▶ **What is required**:
An exact copy is required of the lines from the one with "Wildfox Sweat Starlight" through the last line of the material below, and of nothing else.

BEGIN Source information

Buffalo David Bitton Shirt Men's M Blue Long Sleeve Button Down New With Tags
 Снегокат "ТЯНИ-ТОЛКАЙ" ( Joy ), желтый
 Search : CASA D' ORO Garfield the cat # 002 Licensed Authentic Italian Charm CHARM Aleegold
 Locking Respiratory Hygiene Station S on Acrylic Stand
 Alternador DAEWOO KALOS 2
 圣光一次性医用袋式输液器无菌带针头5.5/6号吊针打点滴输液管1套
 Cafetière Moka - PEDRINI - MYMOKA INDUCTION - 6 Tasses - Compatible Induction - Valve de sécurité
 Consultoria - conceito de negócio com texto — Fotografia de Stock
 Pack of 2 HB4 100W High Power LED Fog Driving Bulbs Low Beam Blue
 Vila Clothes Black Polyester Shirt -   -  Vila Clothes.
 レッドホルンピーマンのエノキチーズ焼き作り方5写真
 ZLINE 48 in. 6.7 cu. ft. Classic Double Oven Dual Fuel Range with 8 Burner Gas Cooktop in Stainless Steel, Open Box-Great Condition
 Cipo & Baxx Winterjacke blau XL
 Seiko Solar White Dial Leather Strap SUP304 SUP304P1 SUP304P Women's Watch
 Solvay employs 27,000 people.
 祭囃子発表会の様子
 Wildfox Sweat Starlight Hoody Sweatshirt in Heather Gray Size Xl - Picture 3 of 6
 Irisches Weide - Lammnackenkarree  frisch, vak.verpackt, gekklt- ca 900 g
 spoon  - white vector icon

END Source information

▶ **Written response**:
 Wildfox Sweat Starlight Hoody Sweatshirt in Heather Gray Size Xl - Picture 3 of 6
 Irisches Weide - Lammnackenkarree  frisch, vak.verpackt, gekklt- ca 900 g
 spoon  - white vector icon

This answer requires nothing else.